AVAILABLE DATA section start

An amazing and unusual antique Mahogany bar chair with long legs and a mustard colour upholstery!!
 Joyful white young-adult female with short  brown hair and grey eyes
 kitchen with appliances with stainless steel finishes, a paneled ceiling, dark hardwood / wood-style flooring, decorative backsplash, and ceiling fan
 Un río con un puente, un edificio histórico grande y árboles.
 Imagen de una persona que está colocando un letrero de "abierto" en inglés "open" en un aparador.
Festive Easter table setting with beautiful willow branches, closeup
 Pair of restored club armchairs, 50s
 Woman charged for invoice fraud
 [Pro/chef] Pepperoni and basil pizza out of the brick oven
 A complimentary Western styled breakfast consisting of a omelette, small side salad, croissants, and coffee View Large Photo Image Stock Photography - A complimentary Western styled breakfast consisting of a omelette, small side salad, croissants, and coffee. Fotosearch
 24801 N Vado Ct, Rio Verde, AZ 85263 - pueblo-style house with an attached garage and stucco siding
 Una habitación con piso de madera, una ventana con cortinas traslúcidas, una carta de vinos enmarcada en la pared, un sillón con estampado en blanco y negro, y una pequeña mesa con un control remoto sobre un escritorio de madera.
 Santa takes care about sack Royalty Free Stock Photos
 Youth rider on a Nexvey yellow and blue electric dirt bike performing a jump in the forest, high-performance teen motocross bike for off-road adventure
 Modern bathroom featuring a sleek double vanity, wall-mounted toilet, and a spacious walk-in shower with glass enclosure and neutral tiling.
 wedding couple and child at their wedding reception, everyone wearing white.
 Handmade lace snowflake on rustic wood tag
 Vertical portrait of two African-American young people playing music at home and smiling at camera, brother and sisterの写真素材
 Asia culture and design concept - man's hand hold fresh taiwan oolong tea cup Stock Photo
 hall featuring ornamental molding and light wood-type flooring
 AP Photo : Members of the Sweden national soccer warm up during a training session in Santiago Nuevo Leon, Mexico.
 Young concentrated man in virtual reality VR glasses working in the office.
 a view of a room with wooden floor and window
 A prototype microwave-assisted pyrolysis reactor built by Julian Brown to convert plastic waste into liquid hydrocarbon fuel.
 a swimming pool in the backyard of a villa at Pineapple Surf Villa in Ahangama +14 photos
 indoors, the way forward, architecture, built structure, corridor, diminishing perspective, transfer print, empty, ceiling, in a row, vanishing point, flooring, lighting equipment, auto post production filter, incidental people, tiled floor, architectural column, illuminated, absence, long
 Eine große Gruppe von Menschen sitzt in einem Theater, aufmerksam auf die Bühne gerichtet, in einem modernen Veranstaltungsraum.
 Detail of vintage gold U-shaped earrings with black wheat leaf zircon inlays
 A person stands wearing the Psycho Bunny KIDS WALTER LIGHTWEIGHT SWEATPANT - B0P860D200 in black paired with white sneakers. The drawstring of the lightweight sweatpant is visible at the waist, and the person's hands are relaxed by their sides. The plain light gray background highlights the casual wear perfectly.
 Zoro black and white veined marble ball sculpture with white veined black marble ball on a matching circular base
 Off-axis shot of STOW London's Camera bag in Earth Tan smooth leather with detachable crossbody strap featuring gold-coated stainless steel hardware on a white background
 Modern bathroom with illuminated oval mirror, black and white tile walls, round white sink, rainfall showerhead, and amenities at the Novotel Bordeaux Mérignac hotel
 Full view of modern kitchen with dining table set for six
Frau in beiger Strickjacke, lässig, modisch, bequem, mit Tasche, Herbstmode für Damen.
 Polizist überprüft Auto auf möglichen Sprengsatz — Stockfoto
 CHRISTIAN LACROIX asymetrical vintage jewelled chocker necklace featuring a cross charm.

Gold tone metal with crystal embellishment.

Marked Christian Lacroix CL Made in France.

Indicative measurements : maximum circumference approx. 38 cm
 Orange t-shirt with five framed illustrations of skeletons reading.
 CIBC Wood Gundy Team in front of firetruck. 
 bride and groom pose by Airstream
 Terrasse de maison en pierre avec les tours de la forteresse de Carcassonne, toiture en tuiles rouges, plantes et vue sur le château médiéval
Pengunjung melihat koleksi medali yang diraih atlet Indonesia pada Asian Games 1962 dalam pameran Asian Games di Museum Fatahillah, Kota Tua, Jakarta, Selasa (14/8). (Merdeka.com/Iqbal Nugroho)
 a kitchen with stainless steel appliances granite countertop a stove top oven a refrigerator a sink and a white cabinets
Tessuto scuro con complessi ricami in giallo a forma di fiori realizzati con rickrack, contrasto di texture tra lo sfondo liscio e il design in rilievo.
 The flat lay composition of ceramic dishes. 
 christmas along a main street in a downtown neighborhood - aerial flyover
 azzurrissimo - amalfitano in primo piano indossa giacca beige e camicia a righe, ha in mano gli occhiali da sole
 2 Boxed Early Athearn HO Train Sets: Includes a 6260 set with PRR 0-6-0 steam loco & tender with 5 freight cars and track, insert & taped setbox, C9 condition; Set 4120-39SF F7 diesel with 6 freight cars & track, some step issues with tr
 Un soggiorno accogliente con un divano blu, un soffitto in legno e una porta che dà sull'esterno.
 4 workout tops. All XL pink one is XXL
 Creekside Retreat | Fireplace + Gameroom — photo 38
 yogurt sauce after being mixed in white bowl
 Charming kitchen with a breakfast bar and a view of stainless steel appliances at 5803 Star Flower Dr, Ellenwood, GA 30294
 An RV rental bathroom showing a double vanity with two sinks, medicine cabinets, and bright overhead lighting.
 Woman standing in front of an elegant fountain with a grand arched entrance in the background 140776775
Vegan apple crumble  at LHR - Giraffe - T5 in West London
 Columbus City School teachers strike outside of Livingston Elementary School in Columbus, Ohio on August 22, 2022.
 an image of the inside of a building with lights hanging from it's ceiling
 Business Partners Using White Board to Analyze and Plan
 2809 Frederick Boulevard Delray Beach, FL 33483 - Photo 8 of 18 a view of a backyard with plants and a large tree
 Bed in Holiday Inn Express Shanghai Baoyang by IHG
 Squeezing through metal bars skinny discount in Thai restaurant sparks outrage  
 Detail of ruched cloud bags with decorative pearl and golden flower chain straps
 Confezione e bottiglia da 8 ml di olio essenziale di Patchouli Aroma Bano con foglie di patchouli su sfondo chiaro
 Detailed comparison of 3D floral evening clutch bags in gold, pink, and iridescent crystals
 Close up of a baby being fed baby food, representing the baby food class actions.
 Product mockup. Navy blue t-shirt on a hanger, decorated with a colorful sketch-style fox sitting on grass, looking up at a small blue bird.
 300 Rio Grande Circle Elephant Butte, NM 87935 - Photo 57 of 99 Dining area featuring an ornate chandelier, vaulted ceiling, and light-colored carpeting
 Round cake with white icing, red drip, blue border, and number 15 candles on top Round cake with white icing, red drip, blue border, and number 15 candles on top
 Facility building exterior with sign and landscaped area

AVAILABLE DATA section end

▸ **PROBLEM DETAILS**
Looking at the listing above, how many of its lines contain "decorative"? Say only the number.

▸ **EXERCISE ANSWER**
2